In the beginning it was a risk to buy the 32ha land including a building complex of an entire village in 2010 with only 20 members. But the project was growing very fast.
Since the end of 2013 the last renovated residential space was rented out. Mobile homes are built.
Later in 2013 the community decided to reduce the number of newcomers to 10 per year while joining of people of age 50+ is reduced and young people are still welcome. Being directly affected by an increasingly aging population in Germany – 60% of the joining requests to Schloss Tempelhof are from people aged 60plus.
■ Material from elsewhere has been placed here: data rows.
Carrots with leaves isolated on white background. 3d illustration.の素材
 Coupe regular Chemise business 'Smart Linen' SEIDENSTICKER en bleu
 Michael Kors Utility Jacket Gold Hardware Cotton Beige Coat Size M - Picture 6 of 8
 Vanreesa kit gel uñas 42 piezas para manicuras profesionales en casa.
Since Tempelhof ecovillage has actively started on site, the media interest has risen. The documentary on Schloss Tempelhof in West state TV on Dcember, 19th 2013 by famous Anke Engelke in the TV series ‘Something like fortune’ caused 20.000 homepage visits on the day after. It is followed by a wave of joining requests which overshot the capacities of Schloss Tempelhof in terms of living space and social integration.
In Spring 2014 the realisation of a new residential house was cancelled. 2015 expansion to neighbouring villages: Linde-Hotel in Waldtann is bought by associates;
2015/6 expansion to neighbouring villages: ‘Villa Tempelblick a house with 10 appartments in Lustenau is bought by associates
2015: A new experimental building law of the state of Baden-Württemberg made the project of an ‘Earthship’ possible, a recycling building concept from the US. The building is a living room plus sanitary facilities and guest room for about 20 people, surrounded by 14 mobile homes used as private living space. (Earthship Tempelhof.)
The internal opinions in Tempelhof are divided about the speed and number of growth. Over the years the members discovered different capacities and personal needs for community life. While some were passionate about the growing ecovillage, others felt overwhelmed and wanted to slow down the integration process of new people. They argued for a socially integrated growth for the sake of the stability of the community values. This conflict inside the community concretely appeared when the realisation of the new residential house failed.
The initiative had planned to grow since its beginning when buying the large site. The physical space for living could more or less be estimated and anticipated. They had also prepared the governance structures, the financial ownership and the legal status of the initiative for growing into a large ecovillage.
Nevertheless, it was hardly possible to predict the social dynamics in the initiative. The growing number of people did not only bring a greater richness in skills and engagement for the initiative but also a greater chaos, namely a growing number of conflicts, misunderstandings and loss of control.
The initiative had learnt on several levels:
On the internal social level, the community has understood that it needs an integrated growth and a regulation of growing numbers per year.
In terms of internal governance, growing was dealt with in a well organised way. When passing one hundred members the community started to differentiate into smaller groups. Members are looking for their personal reference group which some found in the work departments. On the level of governance, it required setting up more formal structures for internal governance, such as the village plenary, the so called coordination circle, working groups, and the need-based income for members working for the community (Kunze/Avelino 2015).
On the social level, Tempelhof had made a crucial and critical decision to exclude newcomers over the age of 60. Schloss Tempelhof members proceed with their learning on a level of multiplication. They have turned the tables by educating elders how to establish an ecovillage themselves by hosting courses in their seminar centre.